L’horreur n’a peut-être pas encore atteint son paroxysme. La France, apparemment cible privilégiée du terrorisme, n’a pas fini de payer un tribut que lui impose Daech. Un prêtre de 84 ans est égorgé alors qu’il célébrait la messe dans l’église d’une petite ville près de Rouen. L’un des assassins n’était pas inconnu des services antiterroristes français. Ce drame, s’il en fallait encore un, renforce la fragilité de la planète menacée par les attentats terroristes qui pèsent sur toutes les régions.
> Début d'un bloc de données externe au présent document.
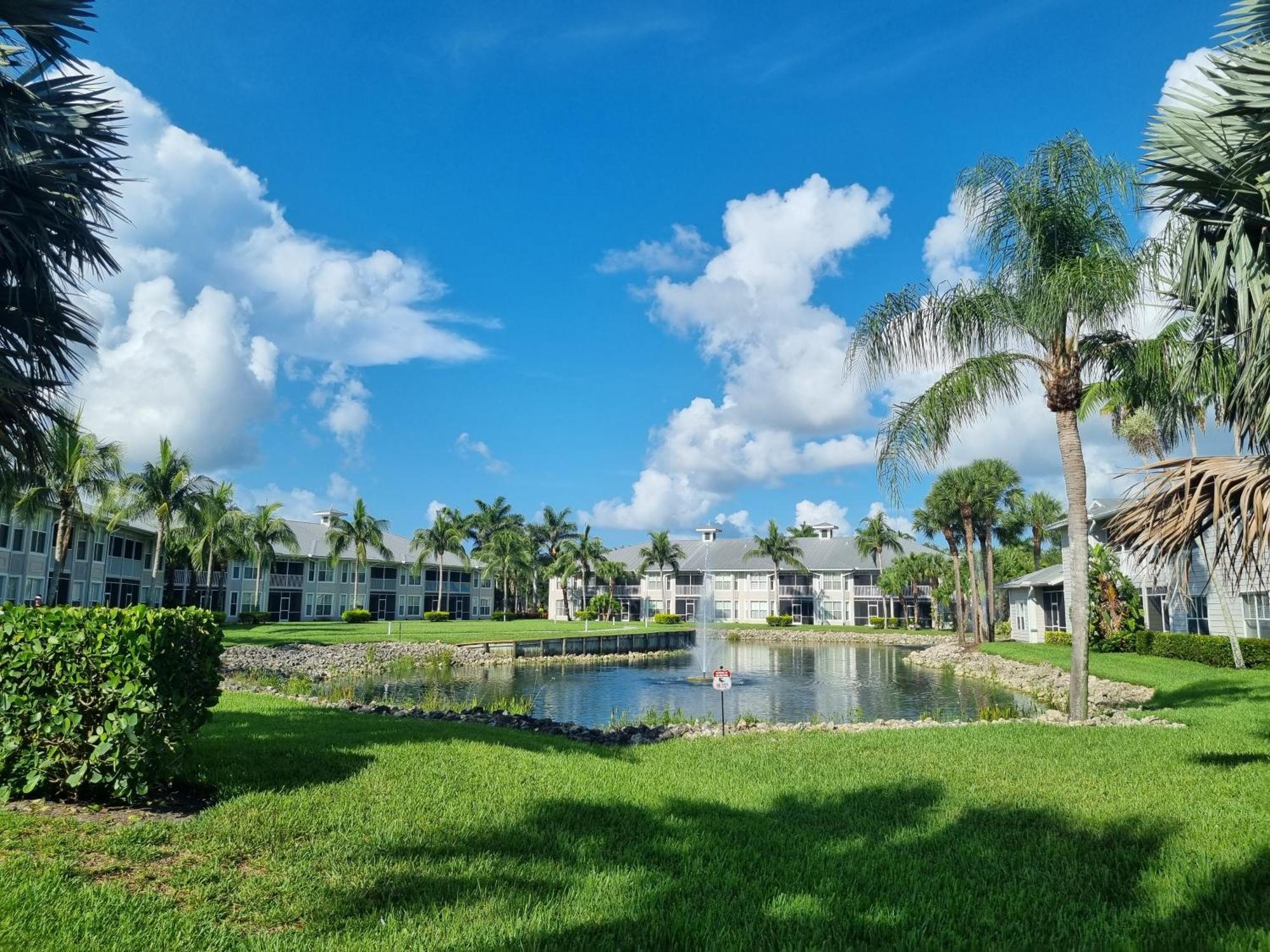 Stunning 2-Bedroom Plus Den Condo In Greenlinks Resort Napoli Bagian luar foto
Les dirigeants libanais, toutes fonctions et toutes communautés confondues, continuent à fermer volontairement les yeux et les oreilles et à refuser, sinon par quelques déclarations carrément anodines, de se sentir pris dans la tourmente planétaire. Dans leur vie quotidienne, les citoyens sont quasiment oubliés. Ils ressentent les dangers qui les guettent et leur impuissance à y faire face, alors que dans les hautes sphères d’une République privée de tête, ce ne sont que les Affaires avec un A majuscule qui prennent le dessus. Certains parmi ceux qui ont la charge de notre bien-être continuent à vivre dans le déni de leurs responsabilités et notamment dans celui des dangers que font courir au pays l’Etat islamique, Daech et consorts. Ces convertis à un radicalisme qui prétend sauver le monde en éliminant les «mauvaises graines» font un nombre incalculable de victimes, chez les enfants, les femmes, les hommes et s’en prennent maintenant aux religieux. Ils n’ont rien de véritables guerriers, mais sévissent dans des pays bien mieux structurés que le Liban d’aujourd’hui.
Le Premier ministre, représentant le chef d’un Etat «fantôme» qui, de mois en mois, se fait oublier, participe à tous les sommets arabes ou internationaux. Il n’en recueille certes pas grand-chose mais rappelle au moins, l’espace de quelques jours, l’existence du Liban. Un pays qui semble avoir été rayé des agendas internationaux. Il peine toutefois à se faire accompagner par des membres de son gouvernement qui, sans être tenus d’intervenir directement dans les débats, craignent que leur seule présence soit une approbation des conclusions qui ne plaisent pas à leurs alliés et à leurs visions présentes et futures.
Pour sa 27e session, qui s’est ouverte en tout début de semaine en Mauritanie, la Ligue arabe ne manque pas de sujets dont l’importance n’échappe à aucun pays arabe: la lutte contre le terrorisme, les crises politiques qui secouent le monde, et le Moyen-Orient en particulier, requièrent une coordination pour la sécurité et la stabilité des pays de la région. Des sujets sur lesquels, de toute évidence, les décisions sont critiques. Les raisons de l’absence de ministres aux côtés du chef du gouvernement au sommet sont claires. Mais quelle place aura le Liban dans tous ces débats et quels bénéfices en récoltera-t-il? Les expériences passées et actuelles prouvent que le Liban n’est plus inscrit sur les calendriers des grandes nations.
Le président Tammam Salam a hérité d’un Etat en décrépitude. Le courant électrique sur l’ensemble du Liban, déjà rationné mais au moins programmé, réserve sans cesse des coupures-surprises. L’eau est polluée et le ministre de la Santé publique s’emploie à faire des annonces quasi quotidiennes mettant en garde contre de nombreux produits alimentaires jusqu’au blé, nourriture quotidienne de tous et parfois exclusive pour une classe sociale très peu, sinon jamais, prise en considération et dont le pain est l’aliment essentiel, pour ne pas dire parfois unique.
Si les ministres lancent des promesses qu’ils savent ne pas pouvoir tenir, les citoyens n’y croient plus. L’augmentation des salaires des fonctionnaires, annoncée pour le mois prochain, les soins de santé gratuits pour les personnes de plus de 64 ans… et peut-être d’autres gracieusetés de ce genre qui auraient pu réjouir les bénéficiaires, si tant est que les caisses de l’Etat, vidées depuis belle lurette, le permettaient encore.
On entend rarement parler encore d’une inspection centrale, pourtant jadis très active, ni de fonctionnaires déférés devant la Cour des comptes ou devant les juges spécialisés, et encore moins devant le Conseil de discipline. Tout cela appartient au passé. Et où sont les Libanais, de différentes générations, qui ont réussi à libérer le pays de tous les mandats étrangers pour, hélas, retomber chaque fois sous la houlette d’un autre occupant tout aussi étranger? L’avenir le dira.